Below are some records. Write out exactly their lines from the one with "Car Radio Android" through the one with "Mario flying in", and leave the pictures behind.

INPUT RECORDS =

=======

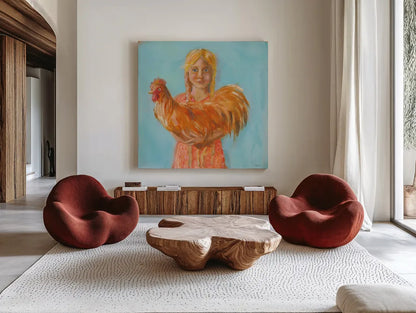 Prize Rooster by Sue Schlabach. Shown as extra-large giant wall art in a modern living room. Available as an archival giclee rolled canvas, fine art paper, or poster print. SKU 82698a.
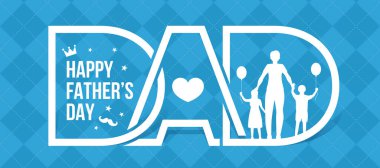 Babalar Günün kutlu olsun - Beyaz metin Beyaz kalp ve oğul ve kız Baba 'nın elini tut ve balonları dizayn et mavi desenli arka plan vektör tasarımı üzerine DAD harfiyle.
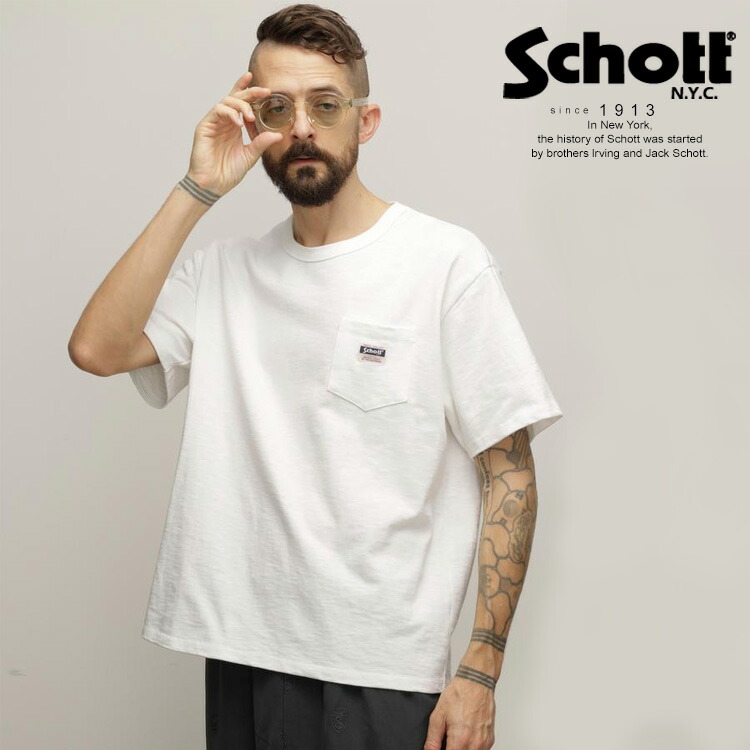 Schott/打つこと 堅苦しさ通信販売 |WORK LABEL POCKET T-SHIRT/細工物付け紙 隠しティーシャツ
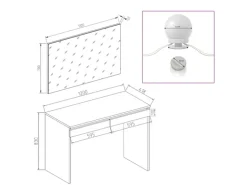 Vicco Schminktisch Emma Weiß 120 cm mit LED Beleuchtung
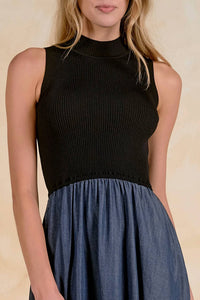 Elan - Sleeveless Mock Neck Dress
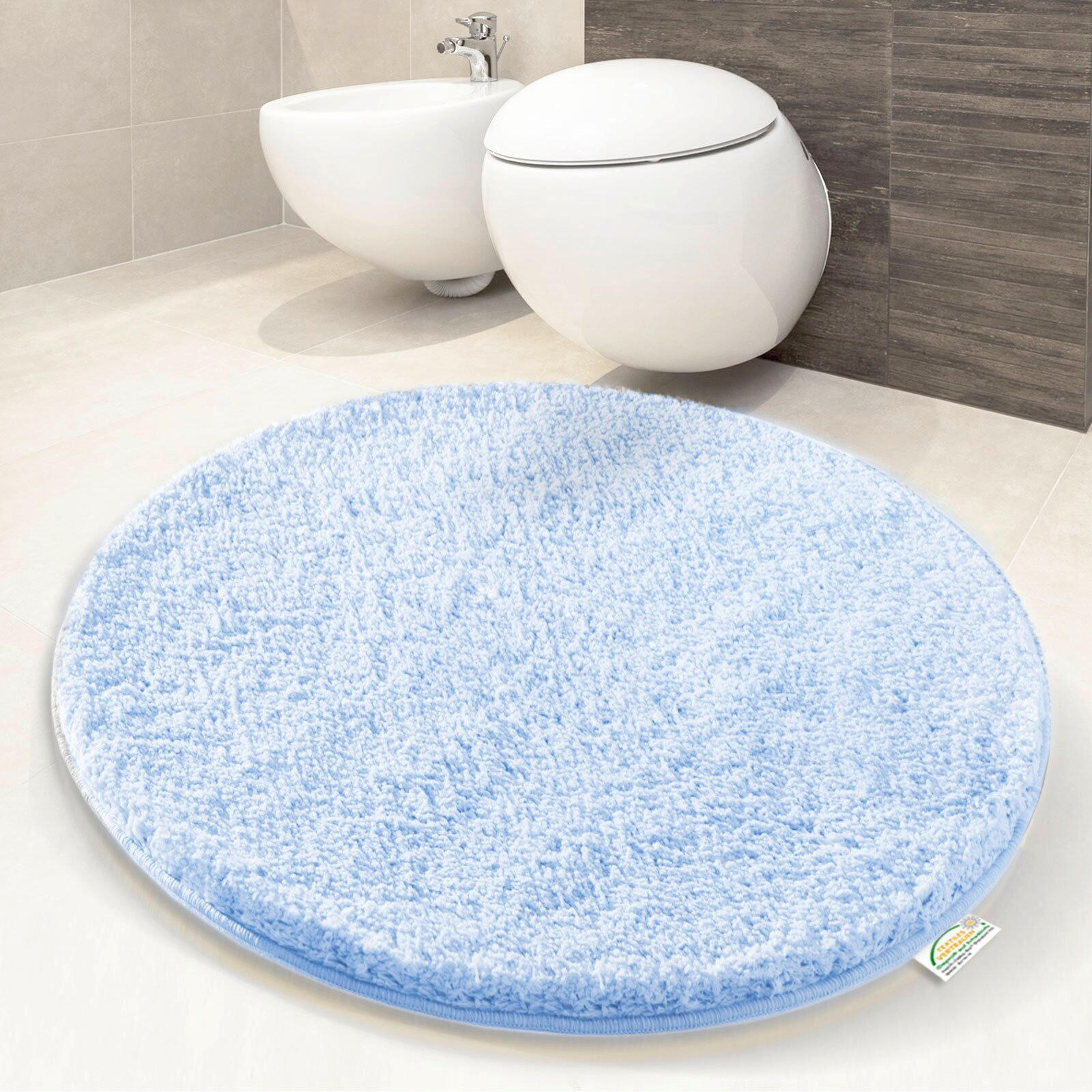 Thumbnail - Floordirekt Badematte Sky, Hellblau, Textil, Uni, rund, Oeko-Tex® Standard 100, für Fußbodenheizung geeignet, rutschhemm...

=======

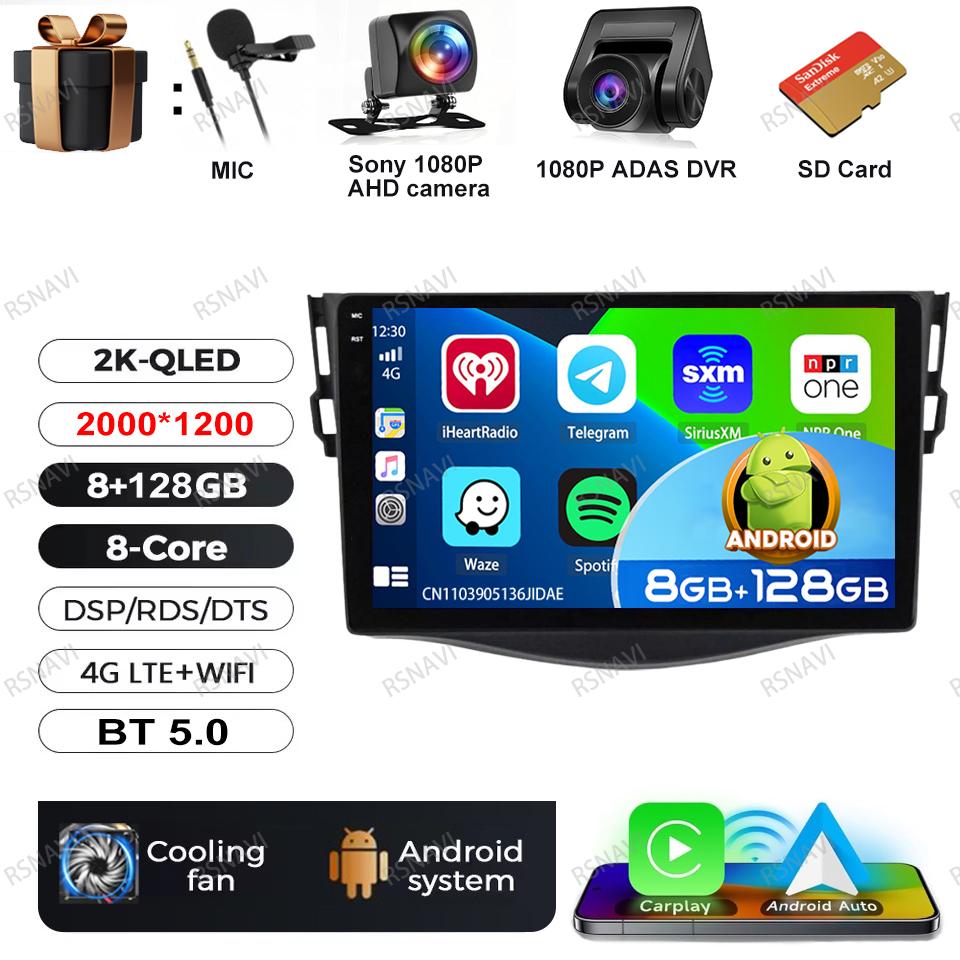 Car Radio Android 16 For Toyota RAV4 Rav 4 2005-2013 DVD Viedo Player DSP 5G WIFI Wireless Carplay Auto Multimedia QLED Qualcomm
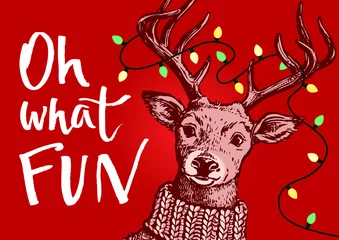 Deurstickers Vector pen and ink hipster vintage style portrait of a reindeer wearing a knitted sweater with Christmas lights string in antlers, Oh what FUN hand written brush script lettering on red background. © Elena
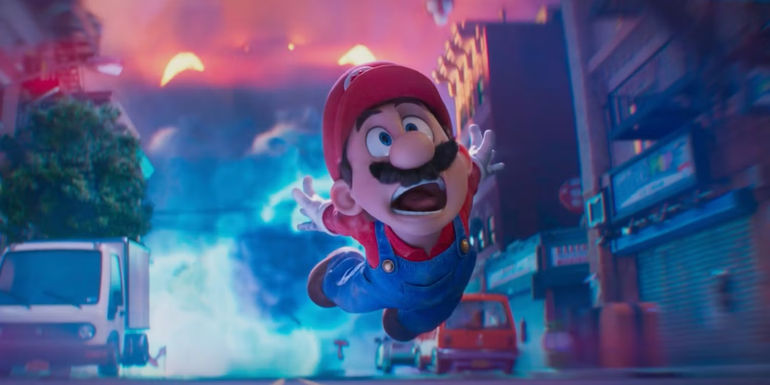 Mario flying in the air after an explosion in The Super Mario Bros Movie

=======

EXPECTED ANSWER =
 Car Radio Android 16 For Toyota RAV4 Rav 4 2005-2013 DVD Viedo Player DSP 5G WIFI Wireless Carplay Auto Multimedia QLED Qualcomm
 Deurstickers Vector pen and ink hipster vintage style portrait of a reindeer wearing a knitted sweater with Christmas lights string in antlers, Oh what FUN hand written brush script lettering on red background. © Elena
 Mario flying in the air after an explosion in The Super Mario Bros Movie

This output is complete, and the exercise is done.